Il passato ha registrato simili fiammate dell’odio verso i Giudei. Ma il fenomeno era generalmente circoscritto in un’area geografica, e non riguardava che una comunità particolare. Oggi, in un mondo più globalizzato, l’antisemitismo è diventato anche lui un fenomeno globale: da Rabat a Giacarta, da Parigi a Malmo, da Gaza a Gerusalemme, la persecuzione degli ebrei prosegue con la parola e con i morti.
Delle nuvole si accumulano all’orizzonte. Ma cosa si nasconde dietro? Come si risolve generalmente questo fatto? La storia ci insegna che alla fin fine gli antisemiti lasciano alle loro vittime “la scelta tra tre alternative: convertirsi, emigrare o morire” . Quale è la percentuale in ciascun di queste opzioni oggi?
La conversione nel senso stretto del termine non è più di attualità, anche se questa opzione ha contribuito largamente nel passato alla evaporazione della popolazione ebrea nella Spagna dell’Inquisizione, o nella Germania del XIX secolo. Oggi la Chiesa vi ha rinunciato e l’Islam si è sbarazzato dei Giudei. Pertanto una conversione degli spiriti è sornionamente in atto in Europa e Negli Stati Uniti. Degli Ebrei, desiderosi di fondersi con il paesaggio si sono allineati al politicamente corretto. Avidi, di sentirsi riconosciuta una posizione equilibrata, distanziata, alimentano una narrativa della parte avversaria. “E’ certamente vero, poiché sono gli stessi ebrei che lo dicono”. Questi ebrei sono degli utili idioti al servizio di una causa mortifera. Diventano la cauzione morale dei loro propri nemici, i movimenti quali J Street o J Call.
Seconda opzione: emigrare. La fuga incessante davanti al malessere ha avuto luogo puntualmente lungo tutta la Storia, dopo la caduta di Gerusalemme nel primo secolo dell’era comune, sino all’espulsione di un milione circa di Ebrei dai paesi arabi nel 1948, passando dal si salvi chi può nella Germania nazista oppure in URSS. Ancora oggi, in Francia, gli insulti inflitti agli Ebrei, li mettono sulla strada dell’alyah in Israele o sull’esilio in Canada. Ma questa soluzione, anche se Nasser la sognava o se gli Arabi di Palestina ne sognano ancora, non vuoterà la Palestina storica dei suoi abitanti ebrei, sia riguardo al loro numero e sia all’assenza di qualsiasi base di ripensamento.

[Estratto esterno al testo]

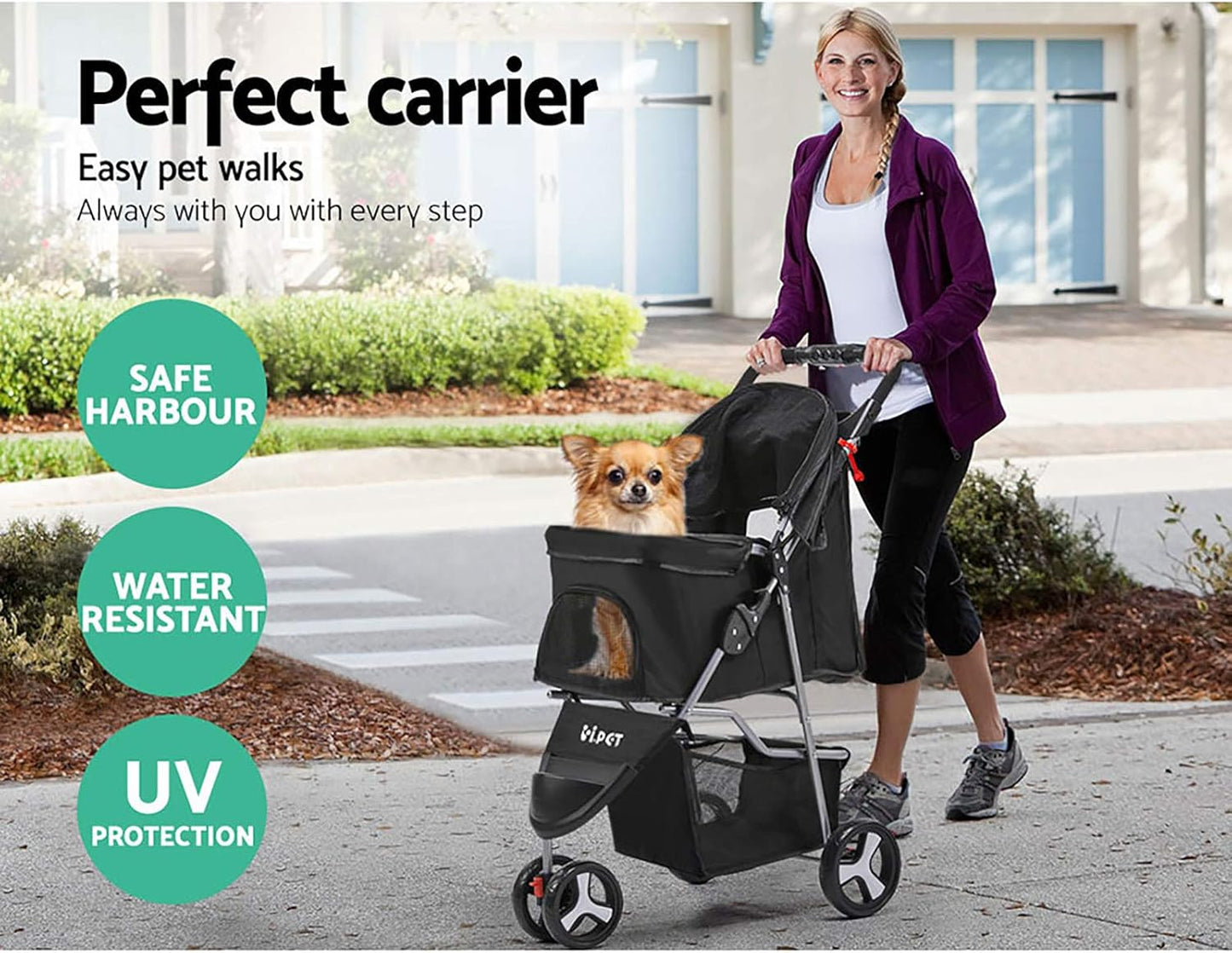 i.Pet Pet Stroller Pram Dog Cat Carrier Travel Pushchair Foldable 3 Wheels Large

Terza opzione: morire. Gli Israeliani, cittadini di uno stato sovrano, dotato di forze armate potenti, hanno oggi la capacità di opporsi alla riedizione del passato, i macellai dell’Inquisizione ed i campi di sterminio. I paesi, Iran o qualche altra satrapia, che tentassero di imporre questa soluzione dovranno attendersi una reazione di grande brutalità. L’avvenire di tutti gli Ebrei, delle popolazioni del Medio Oriente e di altri parti, se la vedrà allora con le armi.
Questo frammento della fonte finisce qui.